Company News » PwC replaces Deloitte as auditors of Hargreaves Lansdown

THE CHIEF EXECUTIVE of Hargreaves Lansdown has ridiculed the length of audit tenures among FTSE 100 businesses as the company announced PwC would be replacing Deloitte as its auditors.

Britain’s biggest fund seller is the latest high-profile business to change auditors following the Competition Commission’s plans to force FTSE 350 companies to retender their auditors every five years, with Unilever announcing last week that it would be ditching PwC as its auditors after 26 years.

Unlike many of its peers – 31% of FTSE 100 companies and 20% of FTSE 250 companies have had the same auditor for more than 20 years -Hargreaves Lansdown regularly rotates its external auditor, having previously changed to Deloitte from EY in 2006.

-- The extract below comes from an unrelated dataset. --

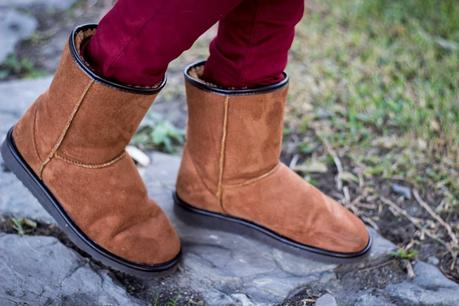 Cozy Burgundy Cozy Burgundy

“Any reputable company should review their audit arrangements regularly. The contribution and objectivity of an external auditor must surely reduce with time and familiarity, however good they are. That is just common sense,” said Ian Gorham, CEO of Hargreaves Lansdown.

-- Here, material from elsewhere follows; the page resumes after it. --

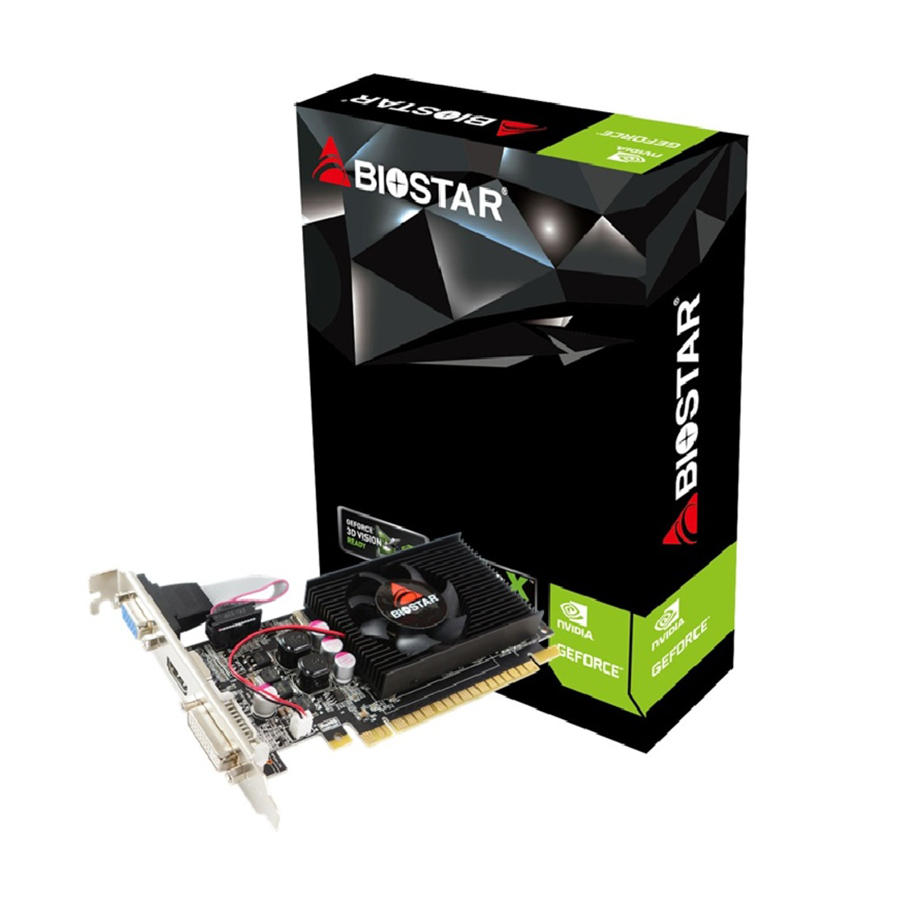 Vga Card Biostar Geforce Gt610 2gb D3(2y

“The idea that there can be some pride in saying “we have had the same auditor for 50 years” is ridiculous. Failing to seek fresh expert challenge should be a source of embarrassment.”

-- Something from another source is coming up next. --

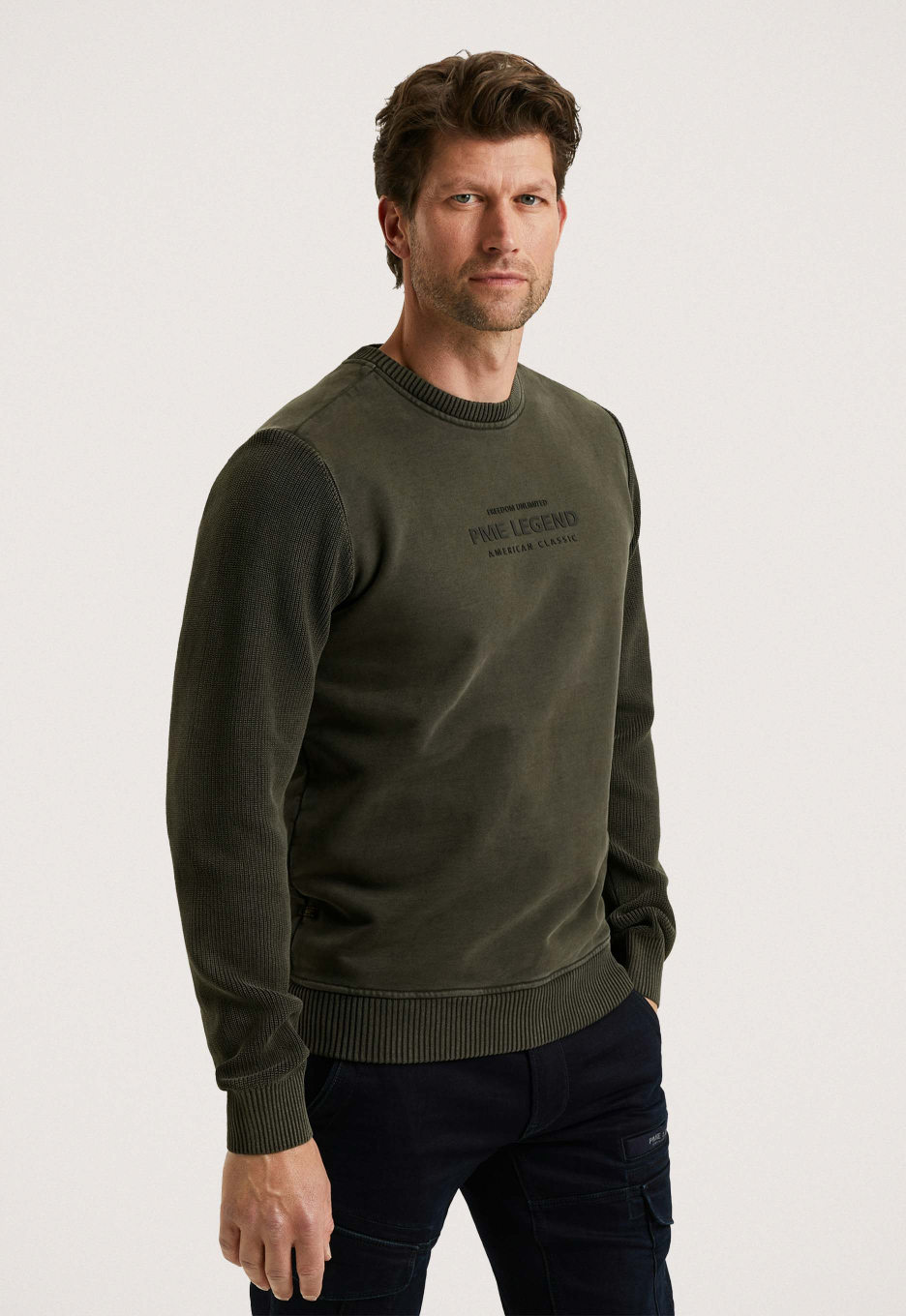 PME Legend Crewneck Sweater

The proposed change by the Competition Commission is hoped to reduce the dominance of the Big Four, who currently audit 95% of the FTSE 350. However, Gorham doubts the changes will break the oligopoly in the short term.

“Firms such as Grant Thornton and BDO are highly capable and already advise many FTSE companies. In due course we would hope to see this experience come through and make these firms more prevalent in auditing FTSE companies,” Gorham said.

The move towards mandatory tendering, with the FRC last year adopting a ten-year tendering rule, has led to a flurry of prominent companies announcing plans to switch auditors with Land Securities last month replacing auditors PwC with EY. In October, oil and gas explorer BG Group chose E&Y as its auditors after 16 years with PwC, while the firm also lost out to KPMG as Schroders changed its auditors for the first time in 50 years since it listed, though PwC was later reinstated.

HSBC is expected to announce the result of its audit tender process in the coming days.